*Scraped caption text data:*
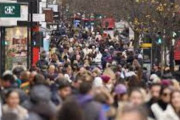 海外「ロンドンの若者の約半分が10年以内にロンドンを出たいと思っている。家賃と生活費の高騰が原因」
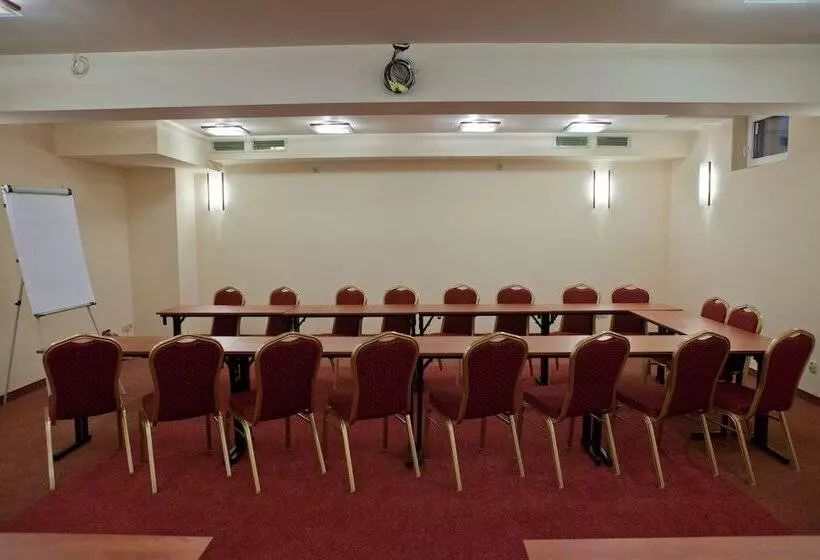 Fotos del hotel Helan Family & Garden:  2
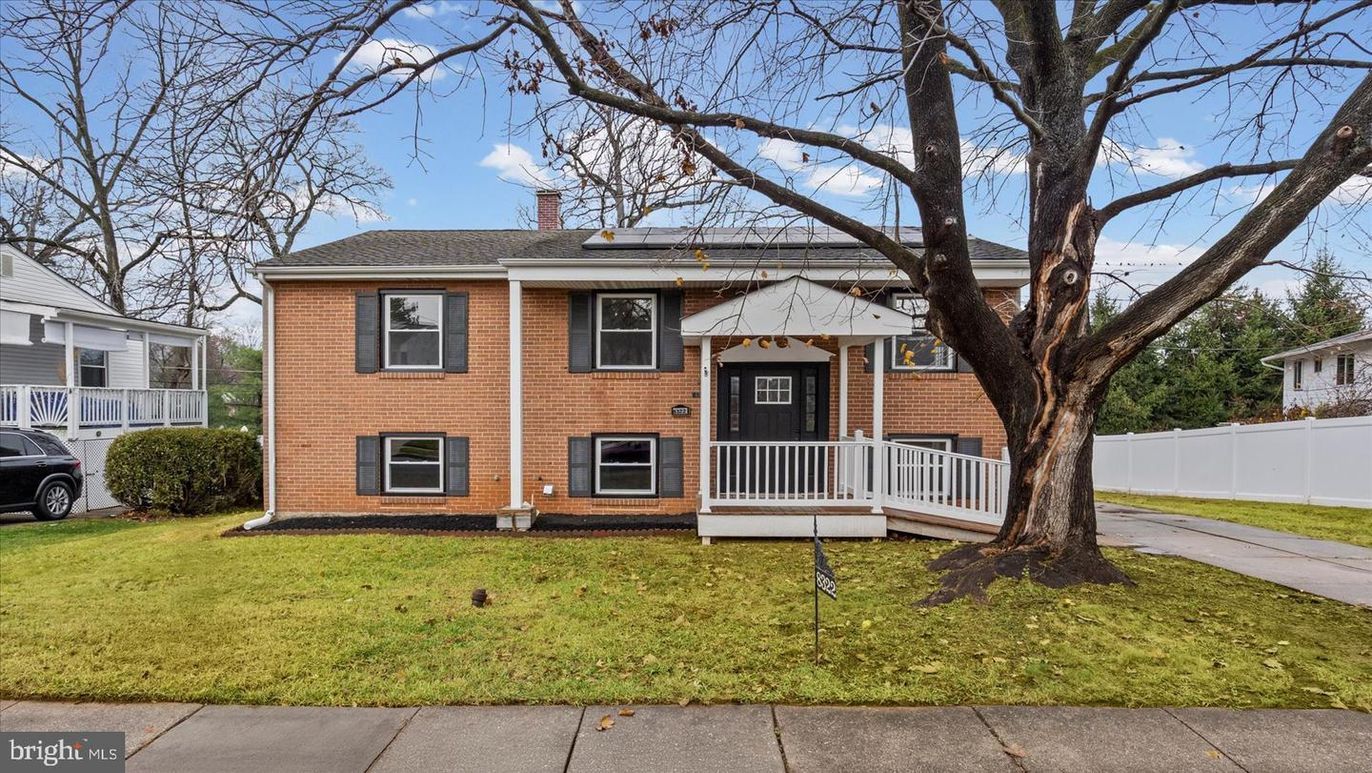 Exterior, Facade, Brick Facade, Solar Panels, Georgian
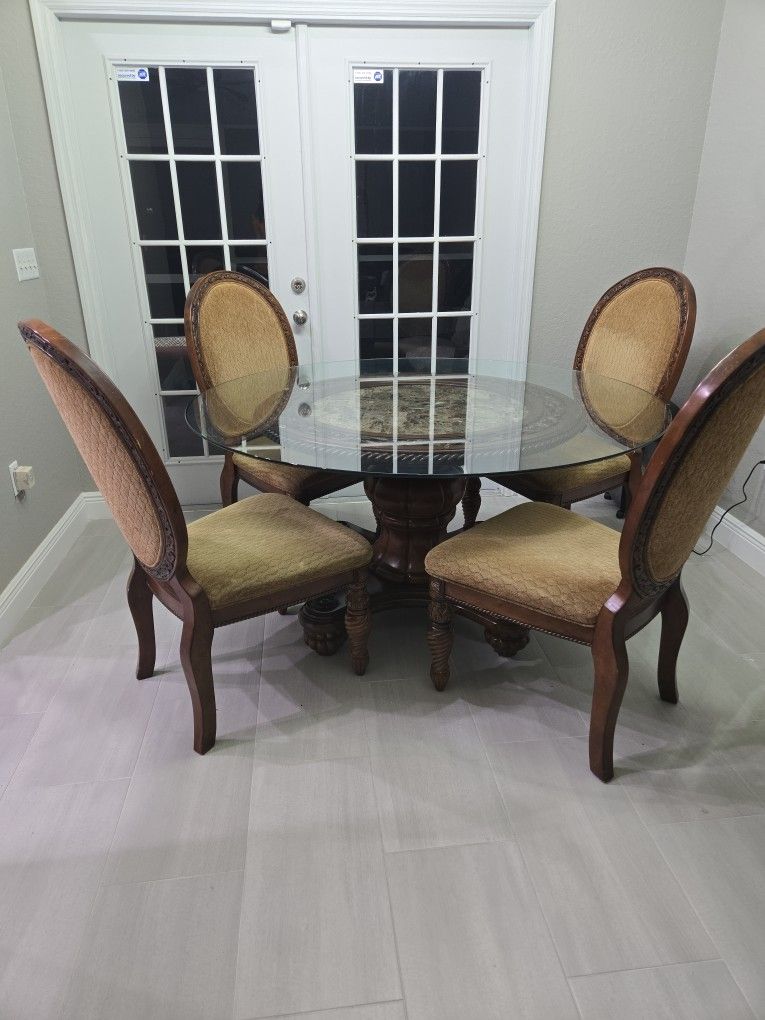 Dinner Set Solid Wood $440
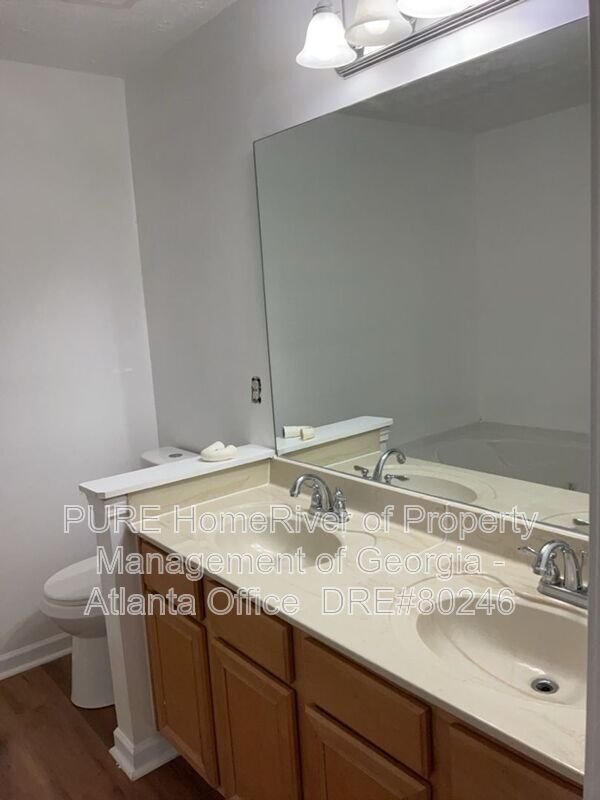 Building Photo - 768 Brookside Parc Ln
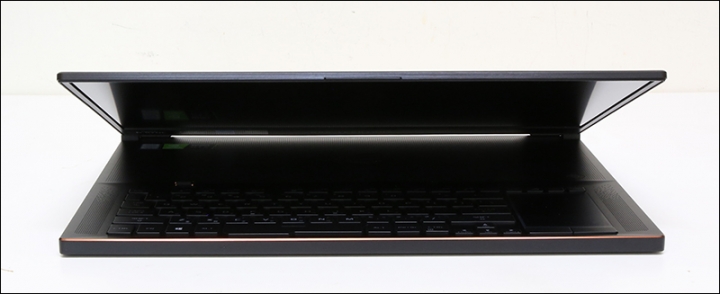 點我看大圖 華碩ROG GX701GWR 17吋電競筆電實際測試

*WHAT TO DO:* Which lines run from the one that holds "Dinner Set Solid Wood $440" to the final line of the records above? Return them exactly, and skip the pictures.

*SOLUTION:*
 Dinner Set Solid Wood $440
 Building Photo - 768 Brookside Parc Ln
 點我看大圖 華碩ROG GX701GWR 17吋電競筆電實際測試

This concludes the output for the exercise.